Purpose and Strategic Importance

SLO and Error Budget Reviews help engineering teams make deliberate, data-informed decisions about reliability, performance, and technical investment. By defining Service-Level Objectives (SLOs) and tracking error budgets, teams ensure a shared understanding of acceptable risk levels and system health.

This practice creates feedback loops that guide prioritisation, highlight when stability work should take precedence, and reduce reactive firefighting.
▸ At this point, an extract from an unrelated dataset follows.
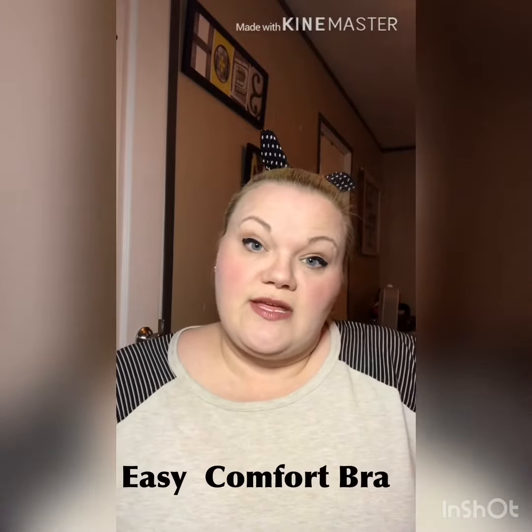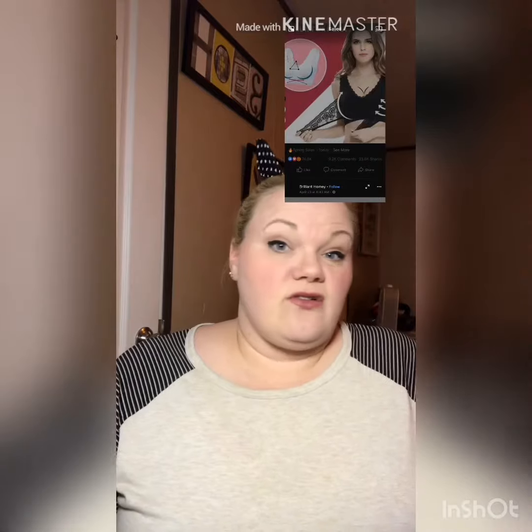Hi guys, today I'm gonna review the Easy Comfort Bra. You might have seen the ads all over Facebook or wherever, but it's the bra that's kind of like a sports bra and it has the crisscross to go across the bottom for extra lift and support. It's supposed to help with your back and posture and all of that. It's supposed to help keep your posture better and hold the girls up, and it's supposed to be as comfortable as a sports bra. It has bra clasps in the front so it can crisscross.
Without clear SLOs and error budgets, teams risk over-investing in features at the expense of resilience, or conversely, wasting effort over-engineering systems without business alignment.


Description of the Practice

  • SLOs are measurable targets for key service or system indicators (e.g. availability, latency, error rates).
  • An error budget defines the acceptable amount of unreliability within a given period.
  • Teams review error budget burn regularly to inform priorities, trigger reliability work, or adjust delivery cadence.
  • Reviews include both quantitative metrics and qualitative learning from incidents or near misses.

How to Practise It (Playbook)

1. Getting Started

  • Work with product, operations, and engineering to define realistic, meaningful SLOs for critical services.
  • Set initial error budgets based on historical performance or business risk tolerance.
  • Integrate SLO tracking into existing dashboards, alerts, and monitoring tools.

2. Scaling and Maturing

  • Run regular (e.g. weekly or sprint-end) SLO and error budget reviews.
  • Link error budget burn to prioritisation conversations, such as feature vs. reliability trade-offs.
  • Refine SLOs over time as systems evolve or user expectations change.
  • Share SLO performance with stakeholders to build trust and transparency.

3. Team Behaviours to Encourage

  • Treat SLOs as engineering priorities, not just monitoring metrics.
  • View error budget burn as a signal for learning, not blame.
  • Celebrate periods of reliability improvement and incident reduction.
  • Involve platform, SRE, and product teams in shared system health discussions.

4. Watch Out For…

  • SLOs that are unrealistic, ignored, or disconnected from user expectations.
  • Lack of action when error budgets are consistently burned.
  • Overly rigid SLOs that inhibit delivery without improving user outcomes.
  • Treating SLOs purely as compliance metrics rather than learning tools.

5. Signals of Success

  • SLOs are well-understood, visible, and actively discussed by teams.
  • Error budget burn informs delivery pace, reliability investments, and improvement priorities.
  • System reliability improves over time, with fewer reactive incidents.
  • Teams feel empowered to balance speed and stability through data-driven decisions.